For the psychologists Rosalyn M. Meadow and Lillie Weiss, who wrote Good girls don’t eat dessert, the association between food and sexuality is fundamental in women’s life, not only for the ones who are mother but to all women. For them, eating disorders are symptoms of a very simple phenomenon: today, for women, food is what sexuality was in the past decades. We can say that there are parallels between eating problems women face today and the sexual conflicts afflicting women in past decades.
If before the control over women’s bodies was done through norms and rules of the patriarchal society aiming at their sexuality, today, the same control is done through food. The old doubt, whether to have or not sex with their boyfriends, can be replaced today by “to eat or not to eat”. The same phobias related to the difficulties of having an orgasm, the pain of penetration, the shame of being touched by the boyfriend or the embarrassment of being naked in front of others, are the same phobias and thoughts that take women’s minds today. The anxiety is the same; the difference is that today it reveals itself through the horror of gaining weight and measurements.

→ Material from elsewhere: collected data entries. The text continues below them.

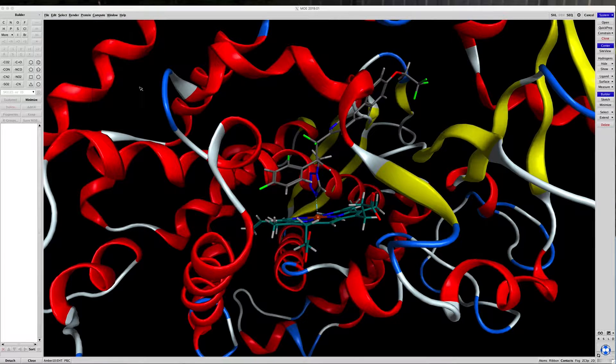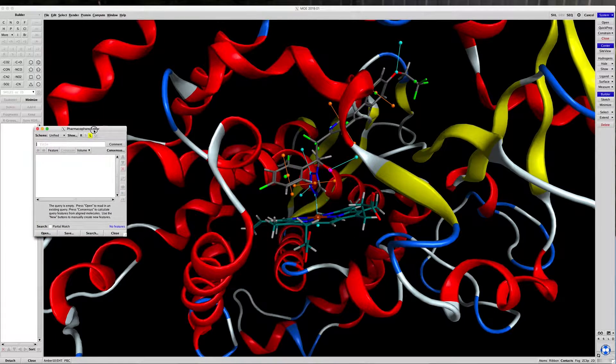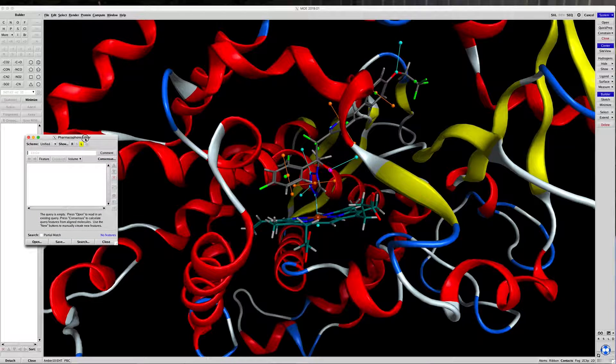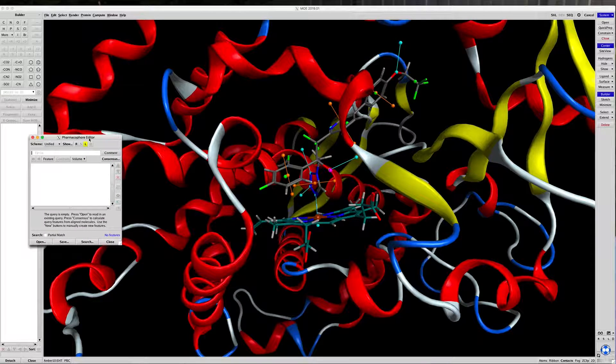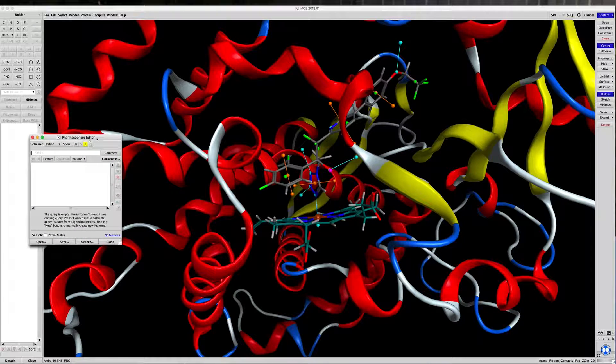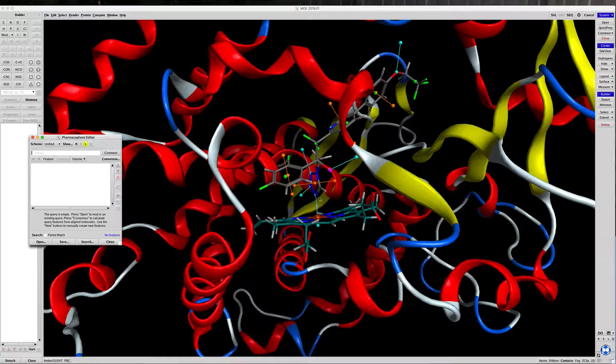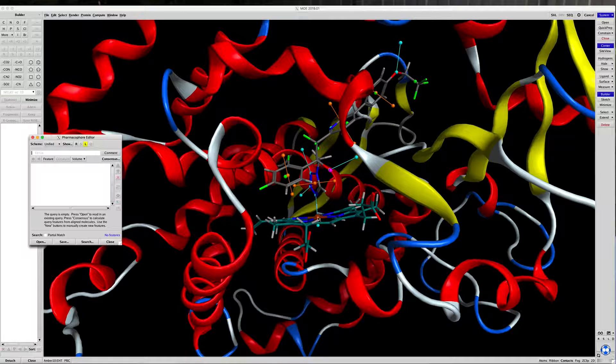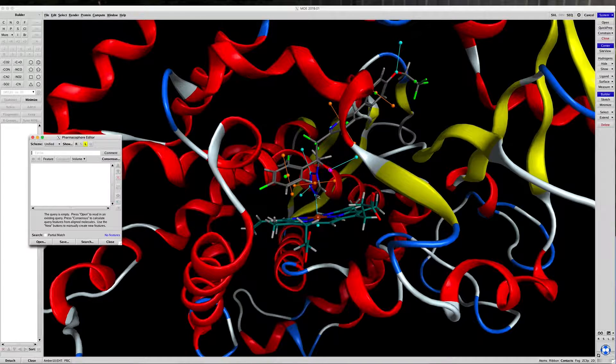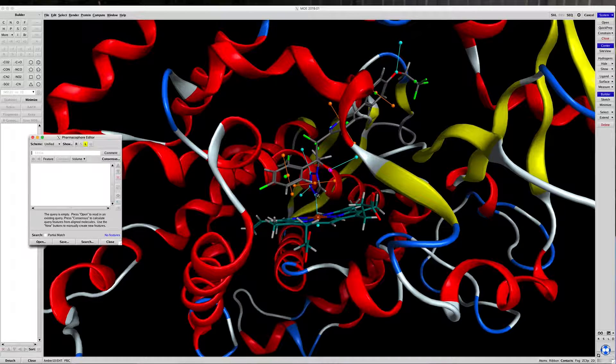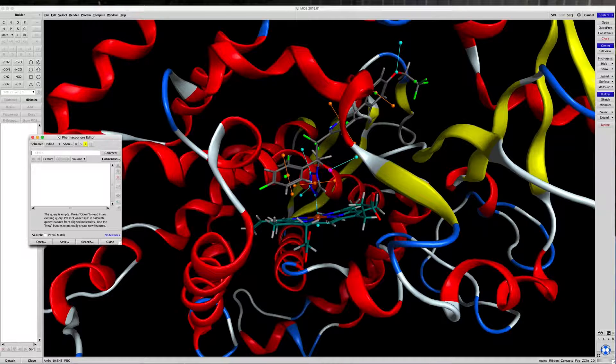And you'll see some vectors show up in your model here. What we want to do is create a pharmacophore that associates this 4-nitrogen here with the iron.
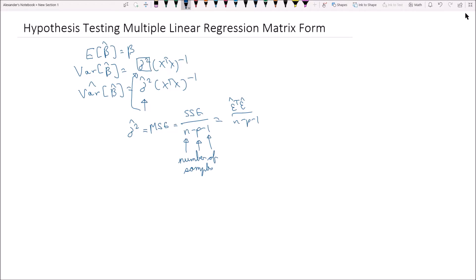I've also shown that β̂ follows the normal distribution with mean β and variance σ²(XᵀX)⁻¹, based on the variance of β̂ which we have already derived before. You'll find links to these videos up in the corner. So we know that β̂ follows the normal distribution and we know that this is its variance-covariance matrix.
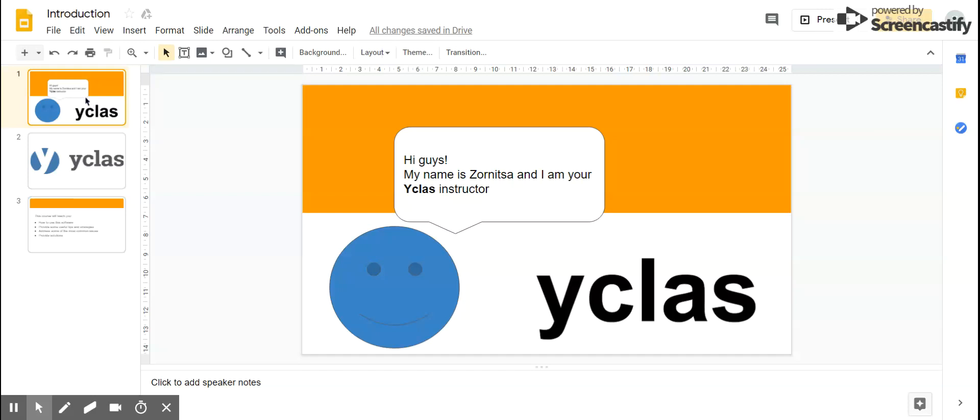Hi guys, my name is Zornitsa and I'm going to be your Yclas instructor. We're going to learn about all of the features that Yclas offers.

The authors made a comparative chart between the measurements and medicines for the sins of masturbation of the past and today’s restrictions for overweight. They made a list of the measures against the abuse of sex (cauterization, clitoridectomy, infibulation, surgical aspiration of sexual liquid, chastity belts, hot and cold showers, straightjackets, medication, exercising and dieting) and their correspondent measures of food abuse (gastric reduction surgery, gastroplasty, obesity surgery, liposuction, to wire the jaws close, steam baths, cold showers, medication, exercising and dieting).
Women dissatisfaction with their measurements and their own image is permanent, the feeling of inadequacy is established in their lives making it impossible for them to feel at ease with their own bodies and imagining that they will never achieve the ideal beauty. Endless time and energy is wasted in diets, measurements, clothes, dietetics and cosmetics.
What do women that don’t eat, eat? They eat their hunger. They are hungry for their most secret desires, their deepest need for affection, and their most secretive dreams. A hunger that canʼt be satiated and that makes them hungrier. The ones that eat too much, and the ones that eat too little, deny the hunger of their emotions. Women are hungry, distant from their bodies and desires, exiled from their bodies ‒ the only ones that could provide them with pleasure and joy. Because women nourish the world in many different ways, affective, real or symbolic, with their food and affections, their capacity for dancing, for laughter and partying with their men, their children and girlfriends, are sad, they don’t recognize themselves in their bodies and in their natural movements. Women today, are hungry of themselves. They are hungry for everything they could be, feel and make.
Even dominating sophisticated technologies and having accessed positions of power never dreamed of by their mothers and grandmothers, they are still trapped by a mental corset that neglects and disqualifies their self-image creating feeling of inadequacy that make them insecure and unhappy.
In many of her texts, Marcela Lagarde says that today women are acting like medieval creatures longing for a romantic love impossible to be found and with no critical reflection on their self-respect. This undermines and weakens them, as nobody with these feelings can develop their own potential.
The question remains and goes beyond: what are we teaching our girls? Who takes care of our girls?